- _Brief_
Extract, word for word, each line from the line holding "Playful Dinosaur Motif" through the end of the records. Omit every picture.

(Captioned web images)
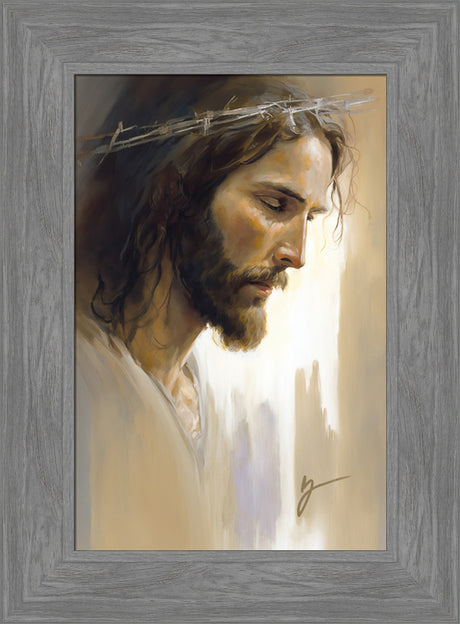 Jesus of Nazareth - framed giclee canvas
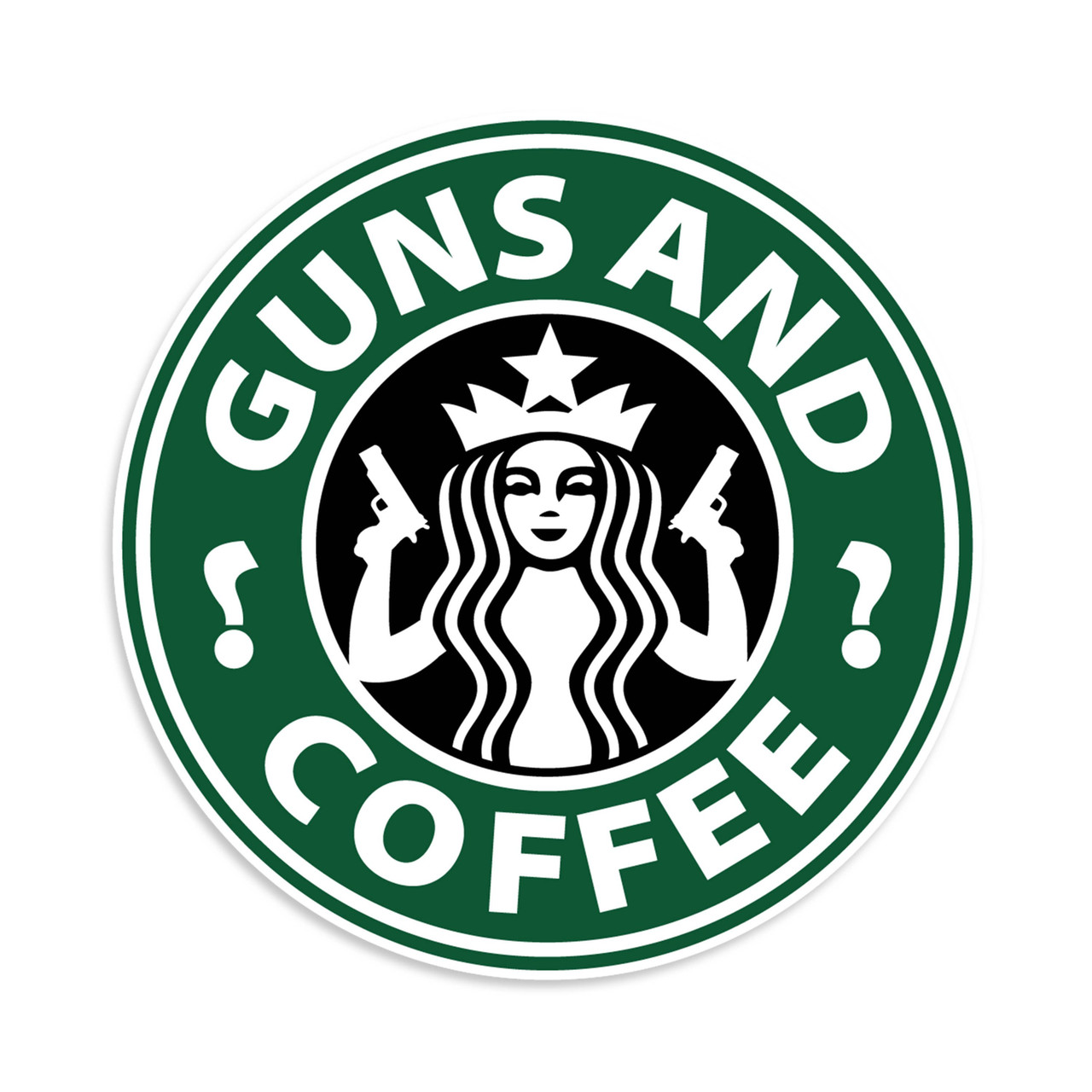 Best Stickers Online - Guns And Coffee Vinyl Sticker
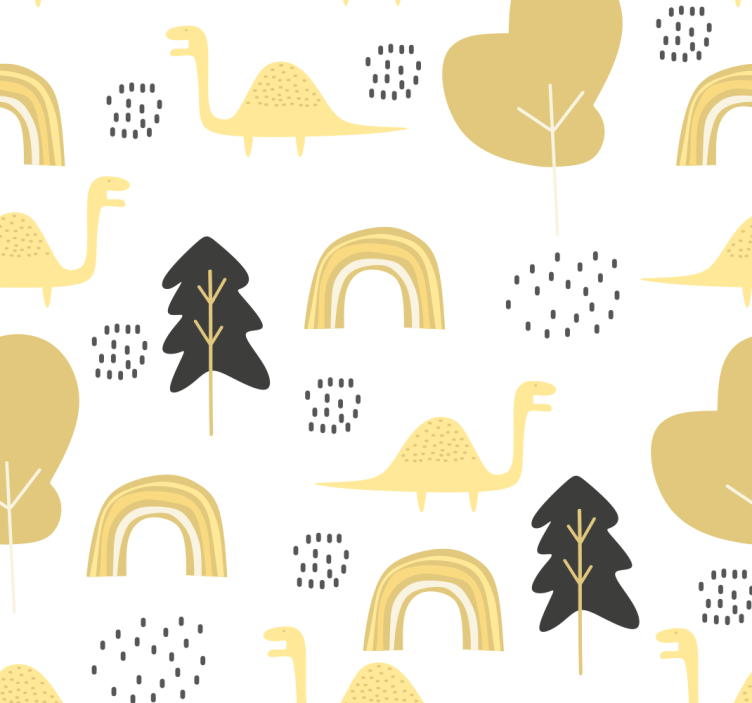 Playful Dinosaur Motif wallpaper for the nursery - TenStickers
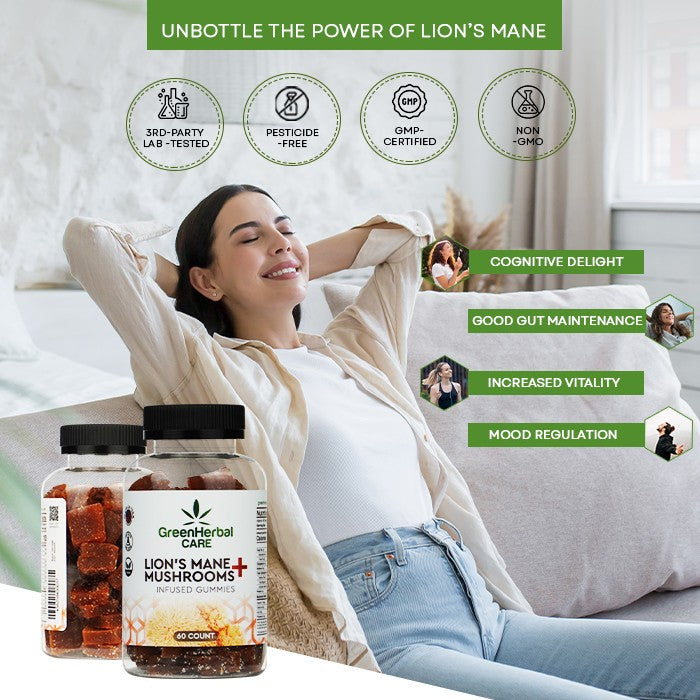 Lions Mane mushrooms Gummies Lifestyle Benefits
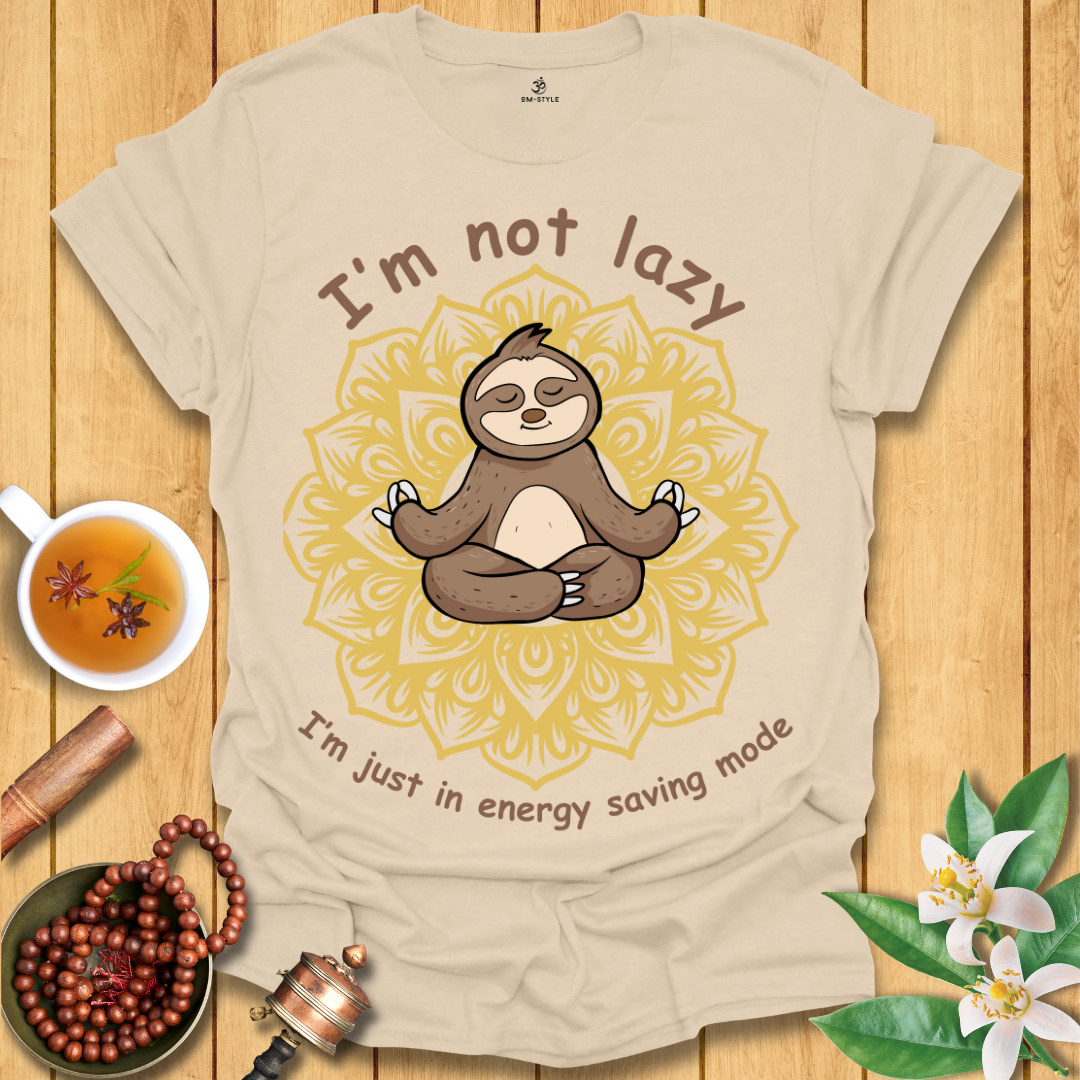 Relaxed Sloth Meditation T-Shirt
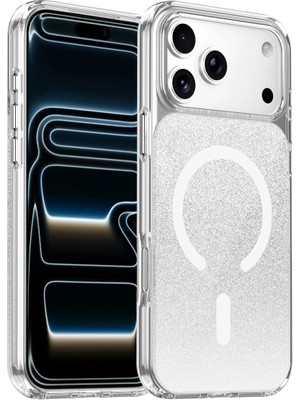 Zenviaa Onegif Apple Iphone 17 Pro Max Sora Simli Magsafe Kapak - Beyaz ZENVIAAC12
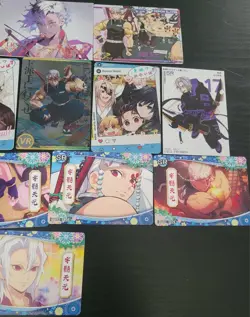 Tengen Uzui Demon Slayer Mixed Card Lot of 15 Cards CCG Anime Manga - Image 4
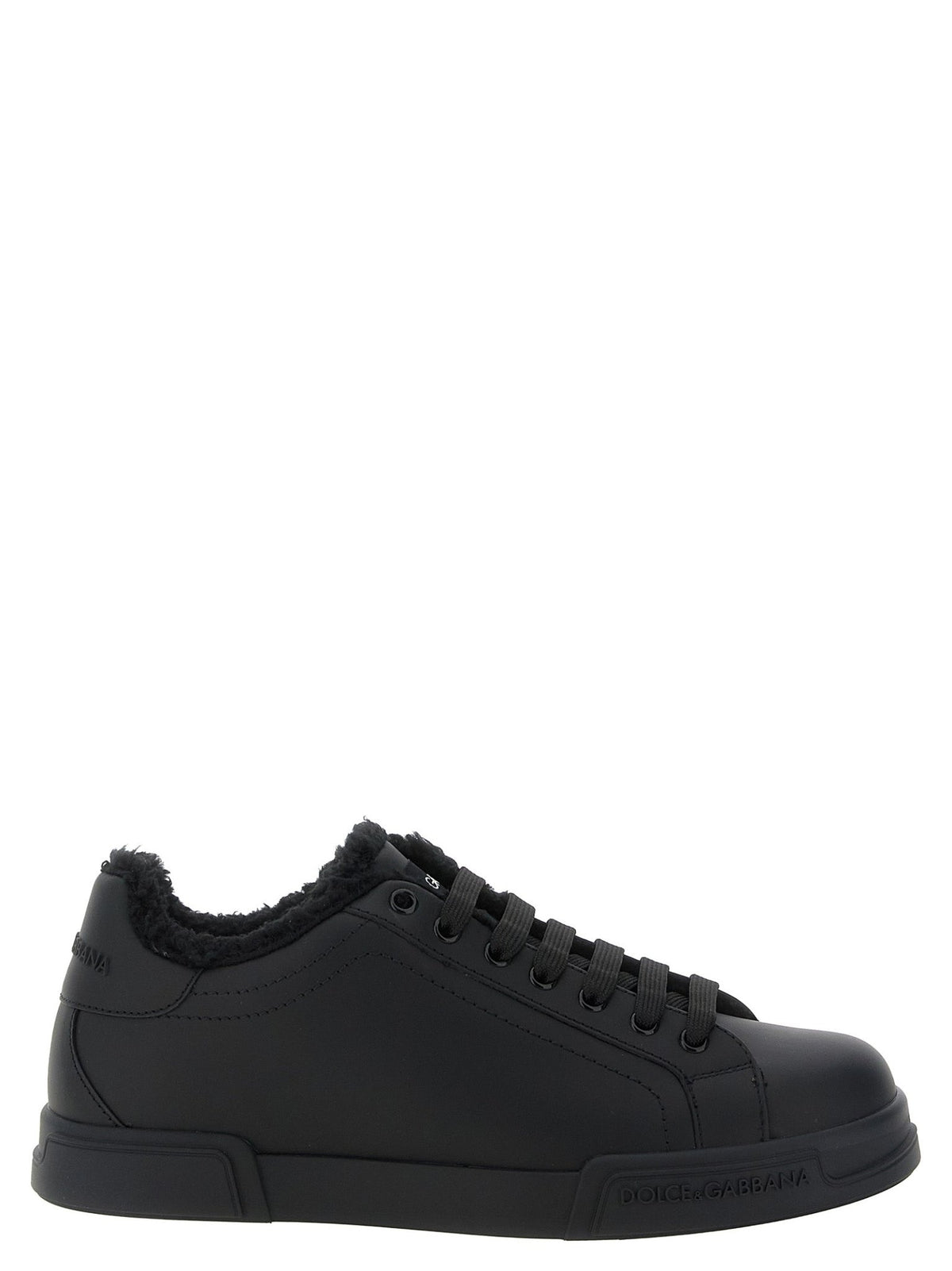 Baskets Dolce & Gabbana homme Portofino Light en cuir de veau noir – DO-343466 - HBPS Beauty & Fashion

- _Answer space_
 Playful Dinosaur Motif wallpaper for the nursery - TenStickers
 Lions Mane mushrooms Gummies Lifestyle Benefits
 Relaxed Sloth Meditation T-Shirt
 Zenviaa Onegif Apple Iphone 17 Pro Max Sora Simli Magsafe Kapak - Beyaz ZENVIAAC12
 Tengen Uzui Demon Slayer Mixed Card Lot of 15 Cards CCG Anime Manga - Image 4
 Baskets Dolce & Gabbana homme Portofino Light en cuir de veau noir – DO-343466 - HBPS Beauty & Fashion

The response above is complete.